Charles Spurgeon was miles from home preaching in East Yorkshire, however, his heart was with Susie. He wrote her a love-poem.


Over the space that parts us my wife,
I'll cast me a bridge of song,
Our hearts shall meet, O joy of my life,
On its arch unseen, but strong.

The wooer his new love's name may wear
Engraved on a precious stone;
But in my heart thine image I wear
That has long been thine own.

Thy glowing colors on surface laid,
Wash out in a shower of rain;
Thou need'st not be of rivers afraid,
For my love is dyed ingrain.

And as every drop of Garda's lake
Is tinged with sapphire's hue,
So all the powers of my mind partake
Of joy at the thought of you.

The glittering dewdrops of dawning love
Exhale as the day grows old,
And fondness, taking the wings of a dove,
Is gone like a tale of old.

But mine for thee, from the chambers of joy,
With strength came forth as the sun,
Nor life nor death shall its force destroy,
For ever its course shall run.

All earth-born love must sleep in the grave,
To its native dust return;
What God hath kindled shall death out-brave,
And in Heaven itself shall burn.

Beyond and above the wedlock tie
Our union to Christ we feel;
Uniting bonds which were made on high,
Shall hold us when earth shall reel.

Though He who chose us all worlds before,
Must reign in our hearts alone,
We fondly believe that we shall adore
Together before His throne.

Biographer Patrica Kruppa reflected on Charles and Susie’s love story.

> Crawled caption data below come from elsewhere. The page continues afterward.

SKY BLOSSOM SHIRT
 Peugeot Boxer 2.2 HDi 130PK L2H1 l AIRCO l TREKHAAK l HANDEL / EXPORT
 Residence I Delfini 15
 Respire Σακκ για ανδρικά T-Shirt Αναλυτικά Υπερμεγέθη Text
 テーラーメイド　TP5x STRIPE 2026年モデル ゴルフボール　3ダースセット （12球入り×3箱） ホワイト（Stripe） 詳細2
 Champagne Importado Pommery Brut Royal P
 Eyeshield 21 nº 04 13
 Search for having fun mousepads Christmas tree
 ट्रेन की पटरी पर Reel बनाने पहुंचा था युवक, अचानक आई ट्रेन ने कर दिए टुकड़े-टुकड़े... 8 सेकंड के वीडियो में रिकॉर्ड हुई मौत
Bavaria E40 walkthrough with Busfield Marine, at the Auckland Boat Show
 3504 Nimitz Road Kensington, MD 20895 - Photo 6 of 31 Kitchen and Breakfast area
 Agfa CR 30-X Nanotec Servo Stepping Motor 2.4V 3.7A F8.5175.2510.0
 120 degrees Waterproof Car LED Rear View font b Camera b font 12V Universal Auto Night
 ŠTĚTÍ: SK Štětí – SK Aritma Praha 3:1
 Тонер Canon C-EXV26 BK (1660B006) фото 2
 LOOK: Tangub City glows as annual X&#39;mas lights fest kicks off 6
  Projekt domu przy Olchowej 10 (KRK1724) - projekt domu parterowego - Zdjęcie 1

 “To the end of their lives, they were lovers; and what could be more touching than the two old invalids, she had grown plump and looking slightly absurd wearing the girlish curls, he prematurely tired and aged, yet writing each love poems as though there were still twenty and courting under the dome of the Crystal Palace.

Follow Spurgeon’s example; write a love poem to your lover.